WHAT YOU ARE ASKED TO DO:
Beginning with the first line, retype exactly the records below up to and including the line with "Tibet Vista Kunga Customer Manager Tibet"; pictures do not belong in the copy.

THE INPUT below:

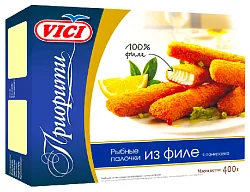 Рыбные палочки ВИЧИ 400г
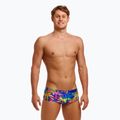 Vyriški maudymosi bokseriai Funky Trunks Sidewinder Trunks palm a lot 7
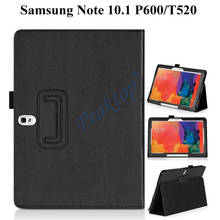 Чехол из искусственной кожи для Samsung Galaxy Note 2014 Edition 10,1 P600 P605, чехол для Samsung Tab Pro 10,1 T520 T521 T525, чехол 2024 - купить недорого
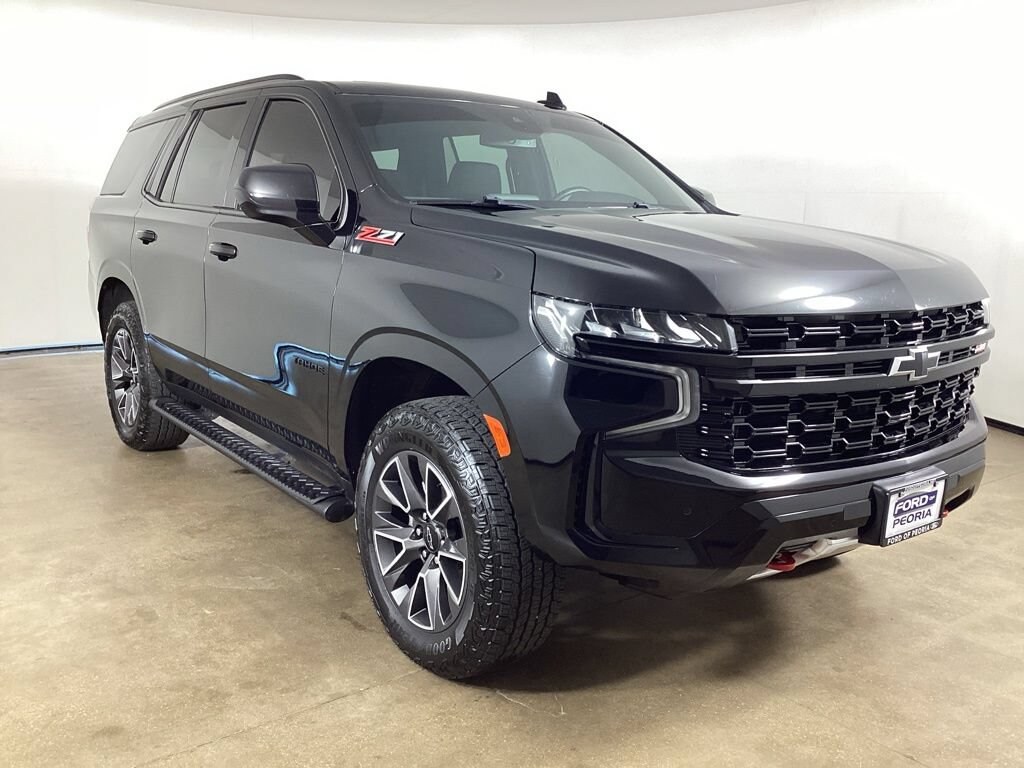 Certified 2024 Chevrolet Tahoe Z71 SUV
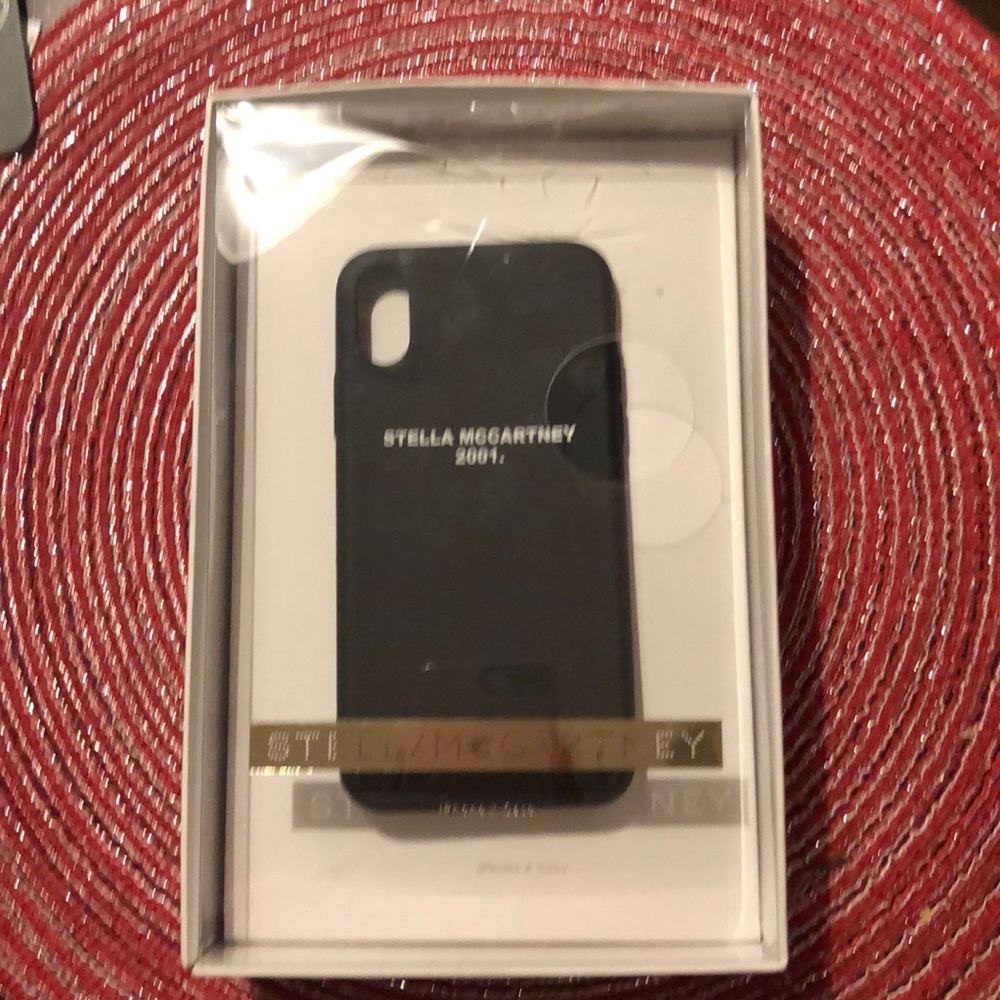 Stella McCarthy iPhone X case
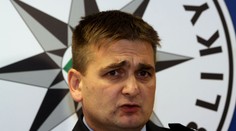 Policejní exprezident Červíček míří do politiky! Chce být hejtmanem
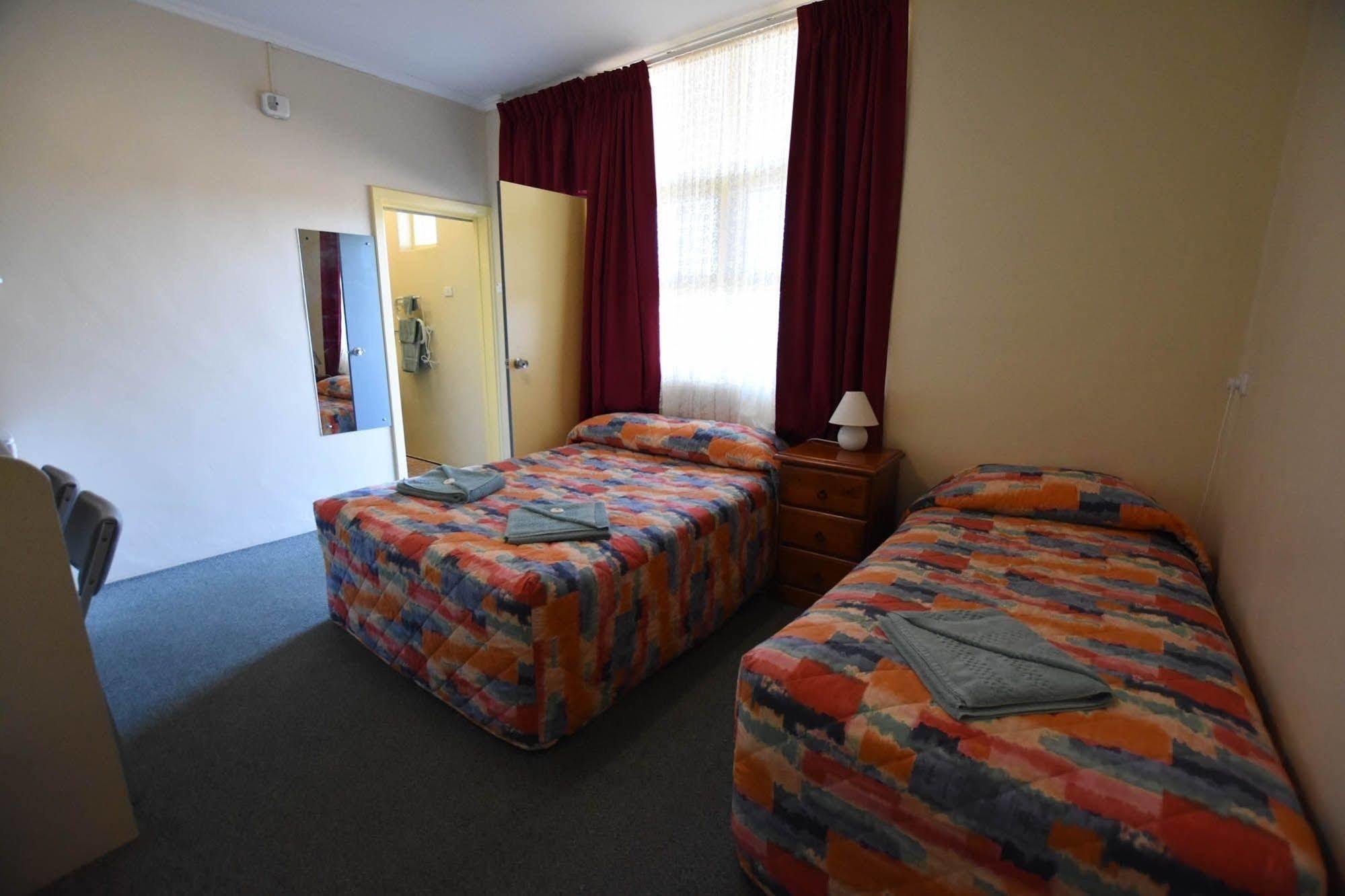 Murray Bridge Motor Inn Exteriér fotografie
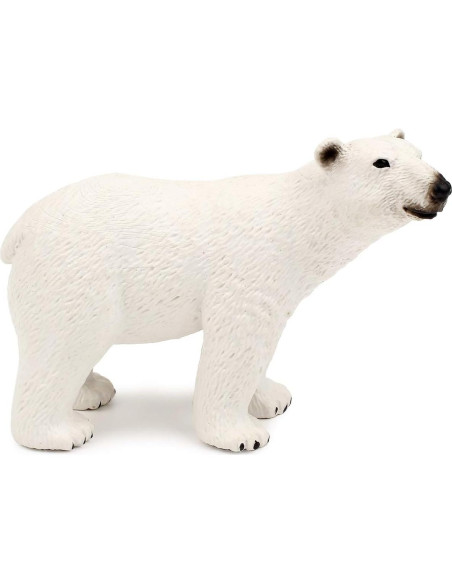 Conjunto de Figuras de Animales Polares UANDME, Osos y Pingüinos Conjunto de Figuras de Animales Polares UANDME, Osos y Pingüinos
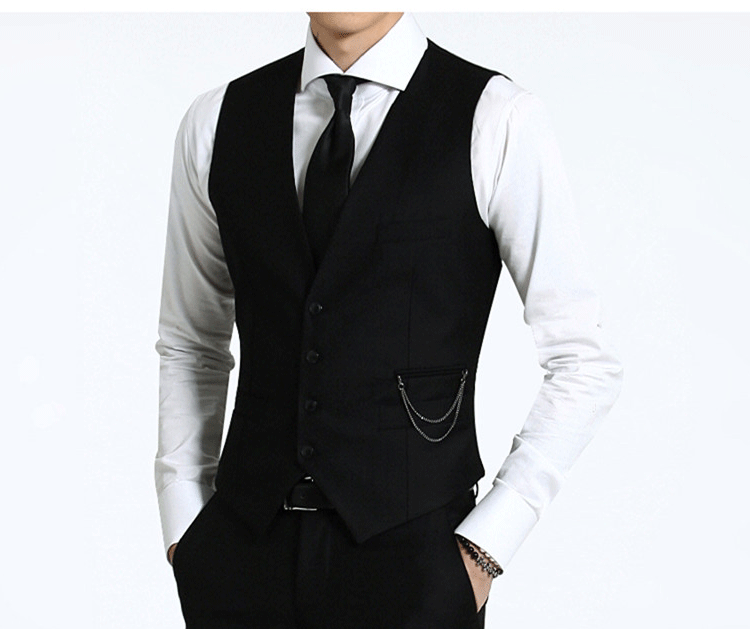 Costume homme en polyester pour Quatre saisons - Ref 1555453 Image 23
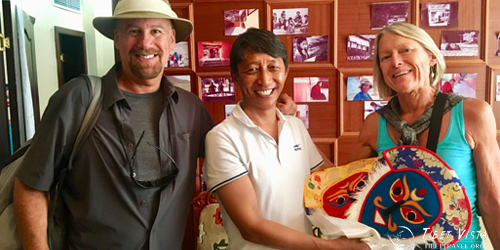 Tibet Vista Kunga Customer Manager Tibet Vista Kunga Customer Manager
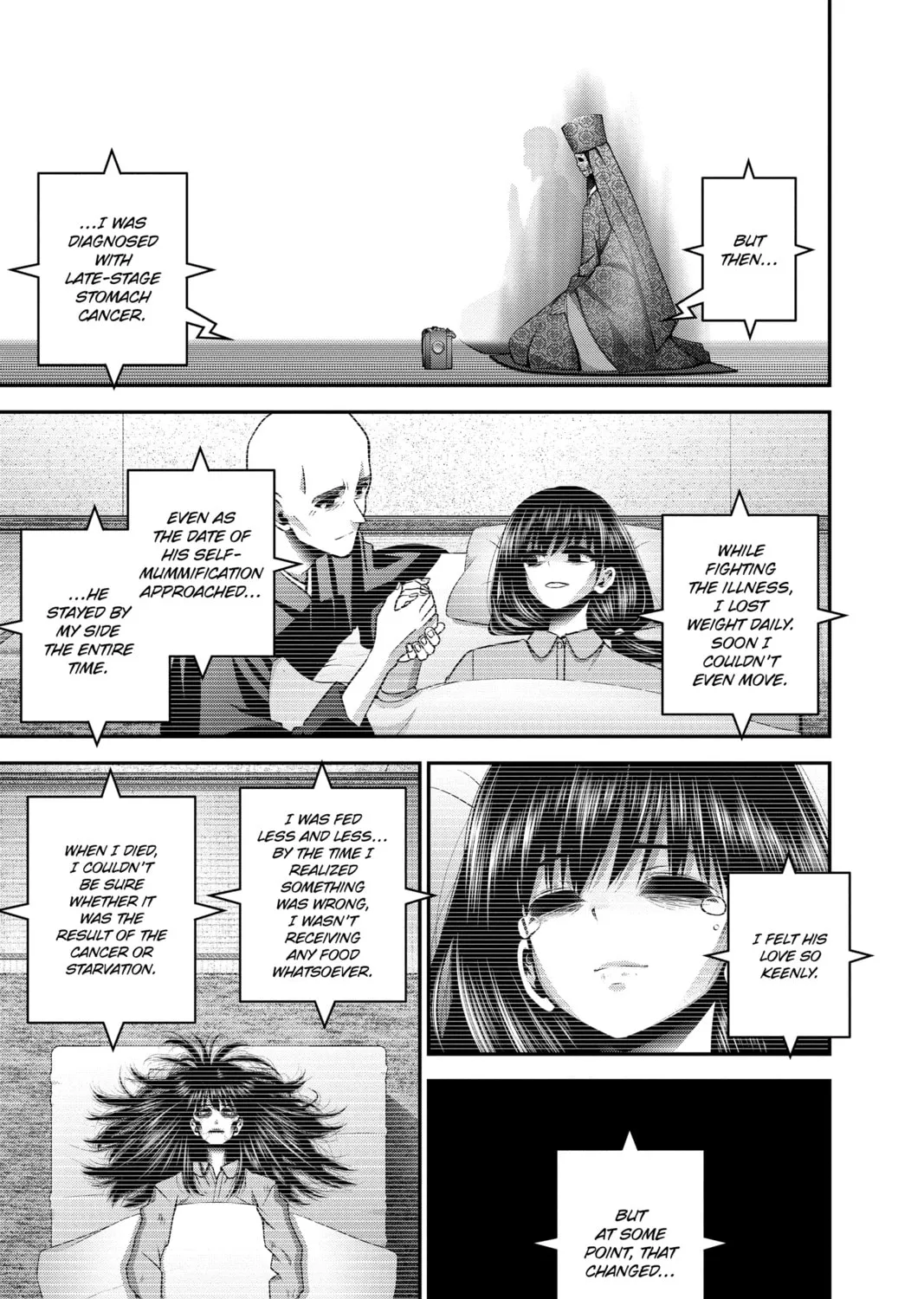Read Dark Gathering Manga Online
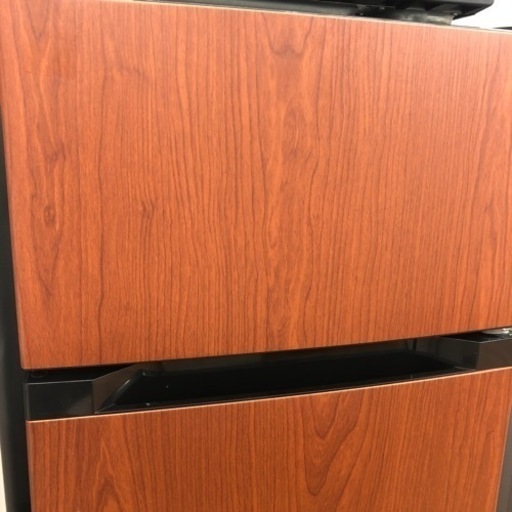 安心の6ヶ月保証付！！【IRIS OHYAMA 2ドア冷蔵庫 PRC-B092D-M 直冷式  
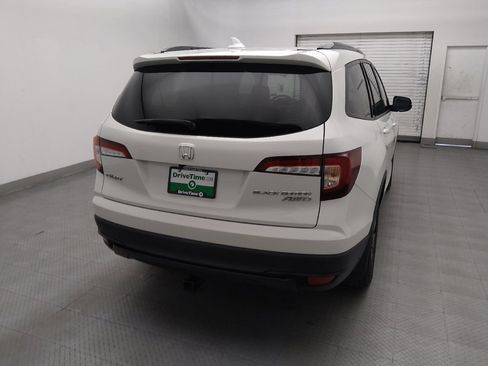 Used 2022 Honda Pilot Black Edition image 7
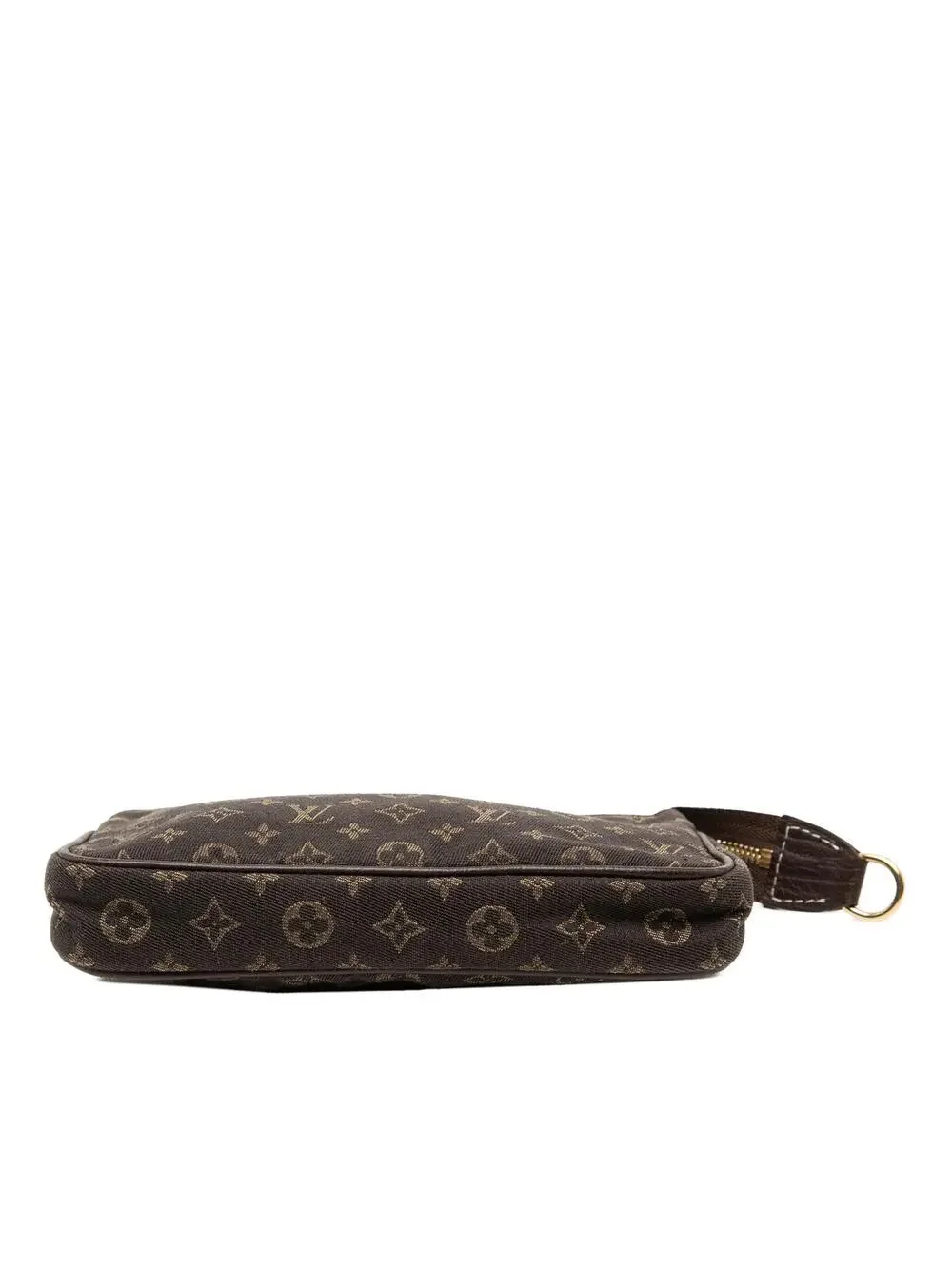 Louis Vuitton Mini Lin Bucket Pm Pouch #272063L44B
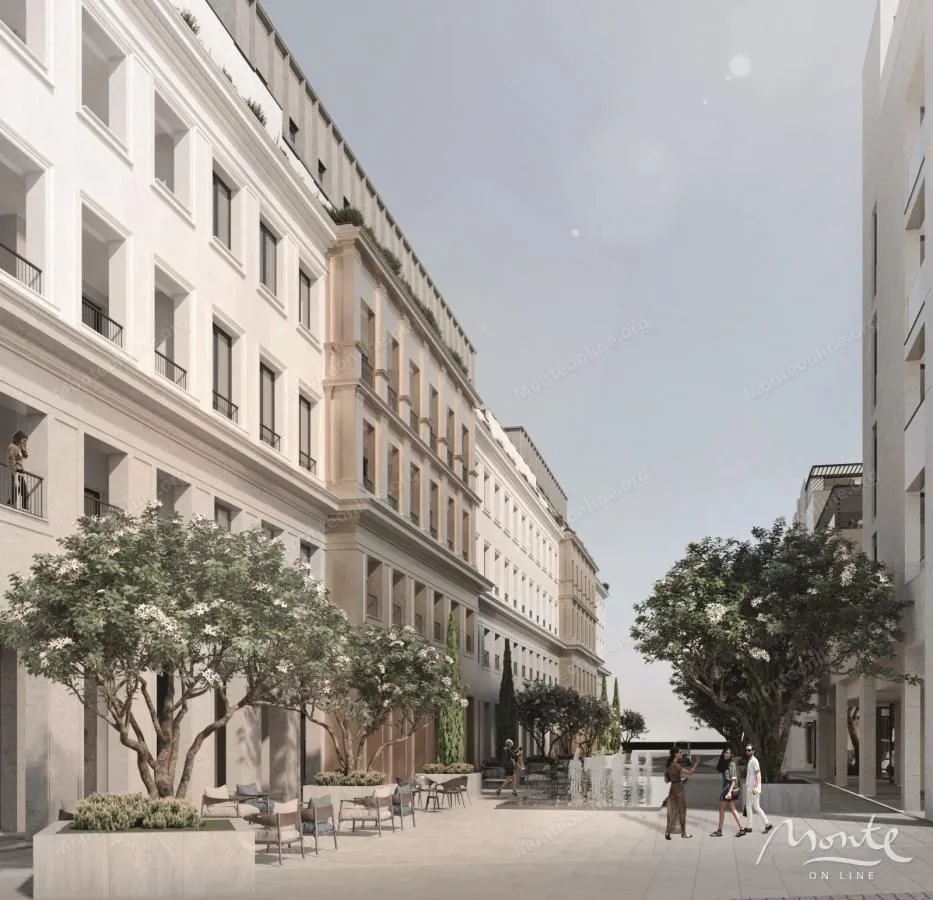 Prodaja, jednosoban stan, 47m², Porto Montenegro, Tivat
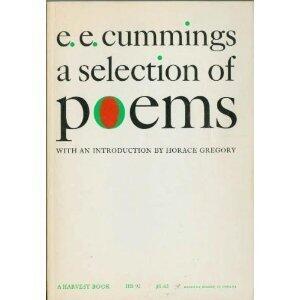 E.E.Cummings: A Selection of Poems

End of THE INPUT.

EXERCISE RESPONSE:
 Рыбные палочки ВИЧИ 400г
 Vyriški maudymosi bokseriai Funky Trunks Sidewinder Trunks palm a lot 7
 Чехол из искусственной кожи для Samsung Galaxy Note 2014 Edition 10,1 P600 P605, чехол для Samsung Tab Pro 10,1 T520 T521 T525, чехол 2024 - купить недорого
 Certified 2024 Chevrolet Tahoe Z71 SUV
 Stella McCarthy iPhone X case
 Policejní exprezident Červíček míří do politiky! Chce být hejtmanem
 Murray Bridge Motor Inn Exteriér fotografie
 Conjunto de Figuras de Animales Polares UANDME, Osos y Pingüinos Conjunto de Figuras de Animales Polares UANDME, Osos y Pingüinos
 Costume homme en polyester pour Quatre saisons - Ref 1555453 Image 23
 Tibet Vista Kunga Customer Manager Tibet Vista Kunga Customer Manager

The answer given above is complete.